For some good news ... We have agreed to chaperone another youth conference this summer, this time, in Louisville, Kentucky. This one is a week long (yikes!), over ten thousand teenagers plus their chaperones, with incredible speakers and seminars ... It only happens once every three years, and it is a wonderful opportunity for the teens to grow in their walk with God. Obviously, with over 25 kids going from our youth group plus chaperones, the cost is hefty. We will be taking a bus overnight both ways to save on hotel costs. The kids do a lot of fundraising in the three years in between in order to raise money for their trip, as well as collecting bottles, mowing lawns, raking, etc. To help with the cost for our portion, Nich and I have decided to write support letters ourselves. If you are interested in supporting us and our teens, prayerfully or financially, please let me know, and I'll send you more information.

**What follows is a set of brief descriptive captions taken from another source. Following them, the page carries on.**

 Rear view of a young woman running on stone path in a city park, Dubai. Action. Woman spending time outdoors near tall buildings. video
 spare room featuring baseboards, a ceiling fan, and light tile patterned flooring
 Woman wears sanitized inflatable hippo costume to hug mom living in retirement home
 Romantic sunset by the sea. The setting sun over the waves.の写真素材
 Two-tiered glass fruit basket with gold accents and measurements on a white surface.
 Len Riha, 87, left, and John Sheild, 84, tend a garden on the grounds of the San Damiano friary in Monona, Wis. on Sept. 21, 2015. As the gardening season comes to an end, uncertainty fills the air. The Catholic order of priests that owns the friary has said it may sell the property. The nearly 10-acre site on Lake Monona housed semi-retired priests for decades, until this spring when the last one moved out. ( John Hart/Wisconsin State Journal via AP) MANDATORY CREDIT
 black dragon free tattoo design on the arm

Our young adult Bible study has committed to giving to MCC's relief efforts in Haiti as our next giving project. We've been collecting almost weekly since last year to help our African sister Coneilia build her house, and we have felt that the Lord has released us from that commitment as she is very close to having the total amount that was projected. I am thankful for these giving hearts, and I pray that they will continue to give as Jesus would.

Babies, babies, babies! There are many yet to come into the world this spring and summer, but there have been several in the past couple months! What wonderful reminders of the miraculous handiwork of Abba!

In other news, I've been staying busy subbing and working several closing shifts at Bath and Body. Subbing is wonderful and terrible at the same time. I am so grateful to be working after a year of being unable to do so, and yet, there are days when the kids are awful that I just want to come home and cry. Last Friday was such a day, and I came home and went to bed at six-thirty right after dinner. Overall, though, it is such a relief to not feel like we are as tightly bound to a budget anymore.

It's February already. With it, comes hope. I don't think hope starts when the snow begins to melt. I think hope begins when we begin to know that, although the worst of the winter is yet to come, it WILL pass. It always does. That's something I've been learning with God. The trials WILL come; He tells us that. He also tells us that He will help us overcome them, and on the other side, it is beautiful, and we are more beautiful for having made it through, sometimes gracefully, sometimes awkwardly.